Deficit understandings also relate to labour market productivity demands, which constitute the specific expectations of a productive and efficient labourer who is ready to work. Conversely, ability understandings imply that skills and competencies leading to paid work constitute valuable elements of employability. Additionally, disability can, on its own, be perceived as a valued human resource, such as in businesses organising user-led personal assistance. If deficit understandings are too dominant, skills and competencies may be less visible.
If ability understandings are too dominant, awareness of challenges and the facilitation of adjustments in the environment could be reduced. The research question in this thesis is underpinned by the observation of a tension between disability in terms of deficit and ability understandings. I explore this tension through an interview-based study: How does the tension between disability as a deficit and as an ability play out for two actors contributing to work inclusion for disabled people: frontline workers implementing work inclusion policies and social entrepreneurs prioritising the hiring of disabled people?
In article 1, the tension between deficit and ability understandings of disability plays out as the entrepreneurs strive to move beyond a deficit understanding. They strive to exceed the deficit understanding by pointing at the labour and welfare services as having othering effects and thus creating a divide between those who receive such services and those who do not receive them. Entrepreneurs use this problematization to promote alternative collective understandings of disability.
In article 2, I explore frontline workers’ narrative practices in an institutional use of stories, which the workers conceptualise as success stories about work inclusion. The success stories are interpreted as a strategic effort that balances the tension between deficit understandings and ability understandings. The stories exist in an ambiguous borderland between an acknowledgment of disabled people as contributing citizens on the one hand, and subtle tendencies to overvalue motivation and achievement that can be exclusionary for those who do not try hard enough on the other hand.

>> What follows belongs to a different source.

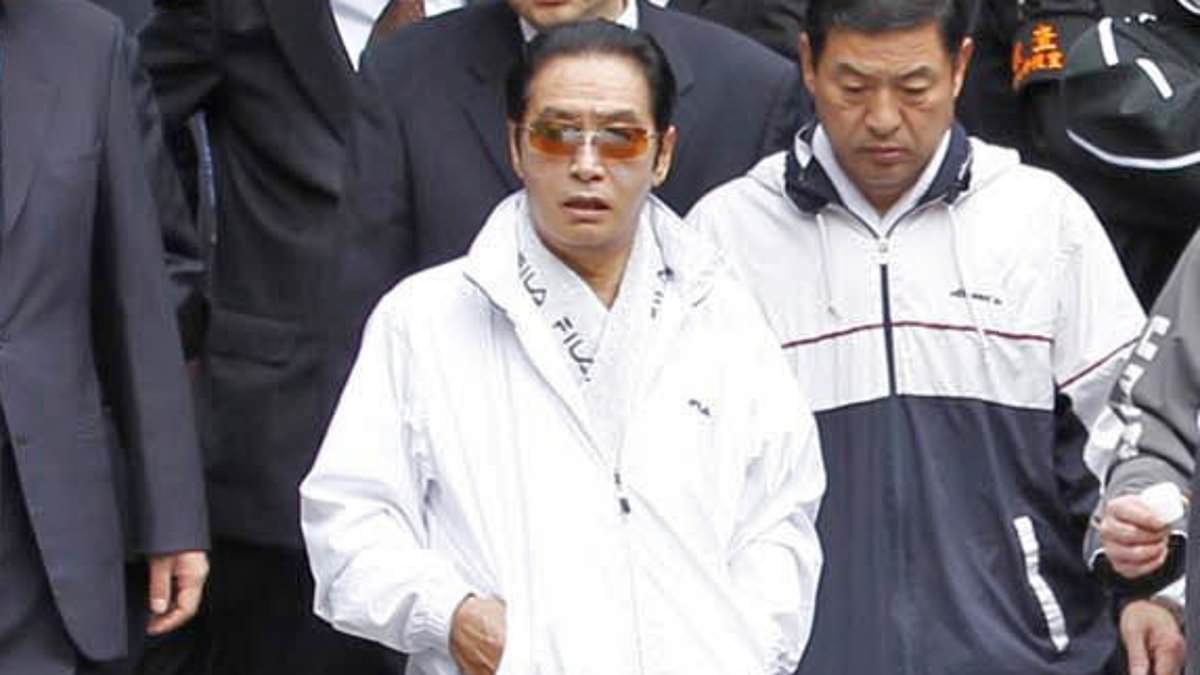 alert-–-yakuza-boss-who-warned-judge-‘you’ll-regret-this-decision-for-the-rest-of-your-life’-when-he-was-sentenced-to-death-has-his-execution-overturned-and-will-now-serve-life-sentence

The article introduces the term ableist paradox to capture the way the frontline workers’ stories demonstrate paradoxical understandings.
In article 3, I compare entrepreneurs’ and frontline workers’ frames of disabled people as contributing and productive. In frontline workers resource frame, that implies a search for disabled people’s strengths and competencies, a language change from users to candidates, and problematization of disability as a useful concept in work inclusion also takes place.Within a participation frame, entrepreneurs problematize a user position that they believe disabled people are often being placed in and suggest entrepreneurship as an opportunity to exceed such a position. In their valuation frame, the acknowledgment of certain groups of disabled people as contributing to employment is central. Here, entrepreneurs challenge normality-based assumptions belonging to the typical labourer.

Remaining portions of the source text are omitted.